Website operators remain liable for any third-party cookies used on their website. Thus, they should only use cookies that they are fully aware of. Only functional cookies (that are strictly necessary for the website’s operation) do not require explicit consent but, even in this case, a legitimate interest test must be carried out and documented. For non-functional cookies (e.g. marketing cookies), the cookies may be placed on the user’s device only based on prior and explicit consent (e.g. a cookie wall appears where the user can read the full cookie information and individually choose the cookies they want to be placed on their device)

A website operator who uses embedded social media modules (e.g. tracking pixels) is qualified as a data controller. Thus, the DPA expects such operators to examine how the social media modules involve transferring personal data to social media and to reflect this adequately in the privacy policy. It is also crucial to ensure a free consent mechanism for social media modules. If the user can access a website content only by clicking ’accept all cookies’, the consent will be not valid.

Retail sector

To comply with the GDPR, retail stores must remove pages containing customer comments/complaints from the public consumer complaint registry (so the general public can no longer view them). The retail stores must provide the serial numbers to the removed pages and only keep them in their internal records for inspection purposes.

SUMMARY

As presented, the Hungarian data protection practice has many local flavours.

The key issue remains whether the DPA will keep its own practice or rely more on the interpretation of the European Data Protection Board (EDPB) that has the role of making guidelines uniform across the EU.

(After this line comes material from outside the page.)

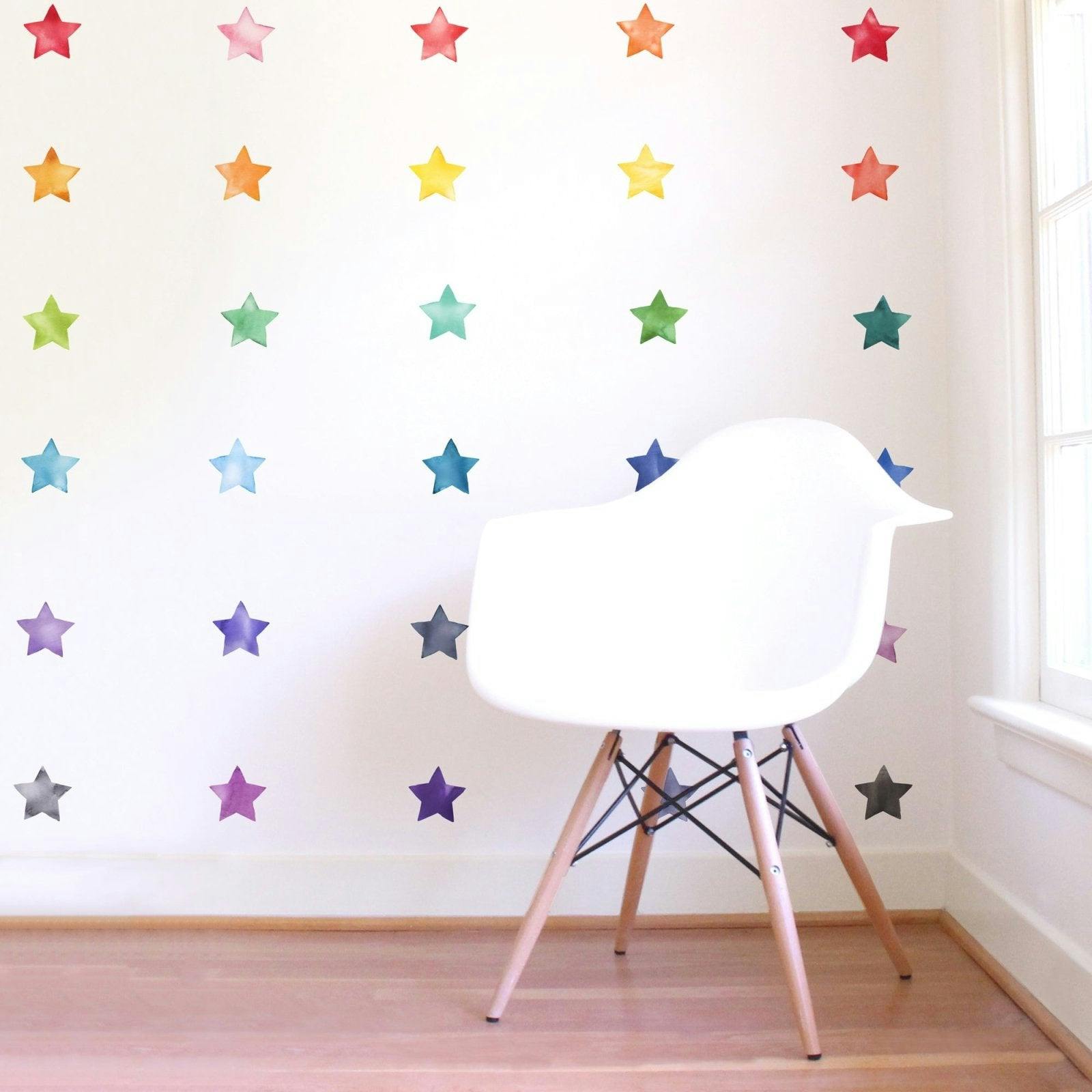 Watercolor Stars • Rainbow • Small • Peel-and-Stick Wall Decals
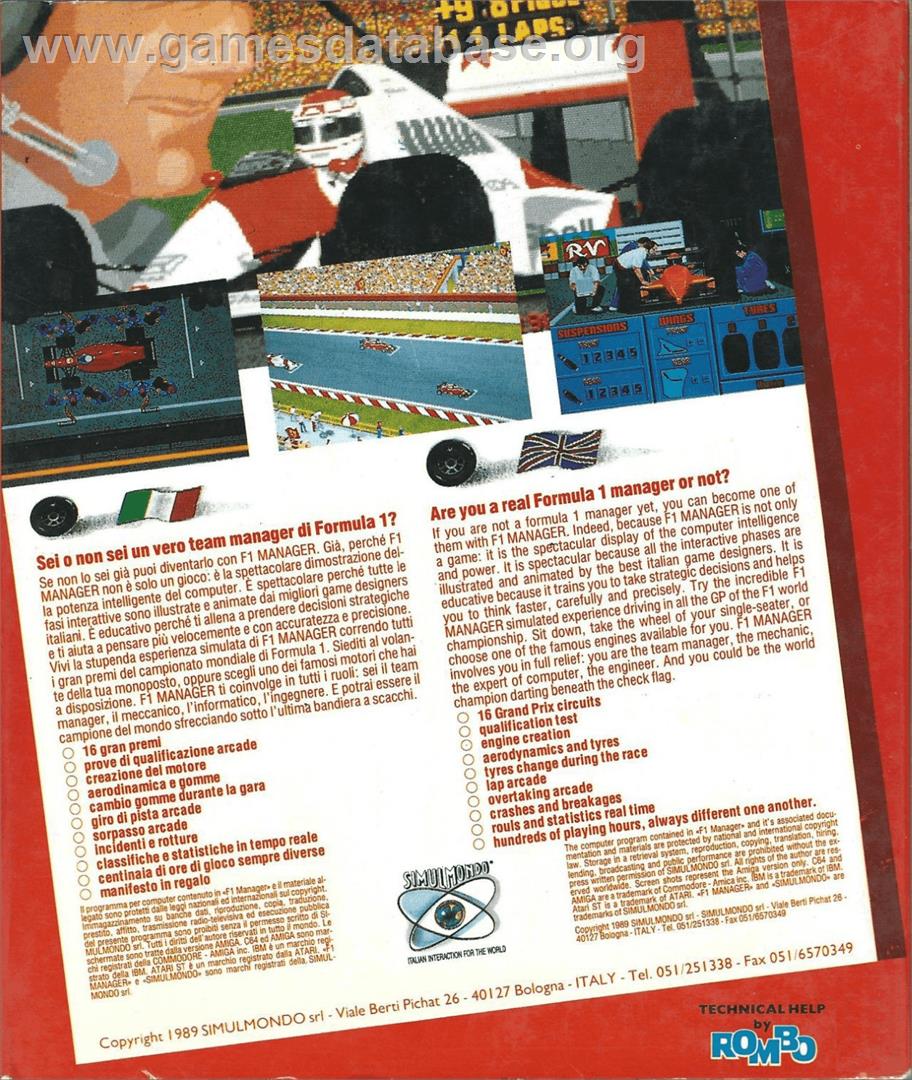 F.1 Manager - Commodore Amiga - Artwork - Box Back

There are some signs that the DPA is trying to avoid conflict with EDPB/WP29 international guidelines and thus, it has started to focus more on areas that dictate more uniform logic (e.g. data subject rights) instead of the privacy policy area which, for a long time, was an enforcement priority and was the main source of headaches for businesses in Hungary.

Still, the Hungarian DPA will continue to use its old practice in all issues that are not explicitly regulated by the EDPB guidelines. Currently, there are still many such unregulated areas.

The GDPR implementation of more than 80 sectoral laws also deserves special attention. It provides many additional special sectoral data protection rules and raises questions about where the GDPR alignment with the local laws has not been fully reached.

Overall, the Hungarian data protection environment must be treated carefully and it is worth investing efforts in complying with the local Hungarian flavours.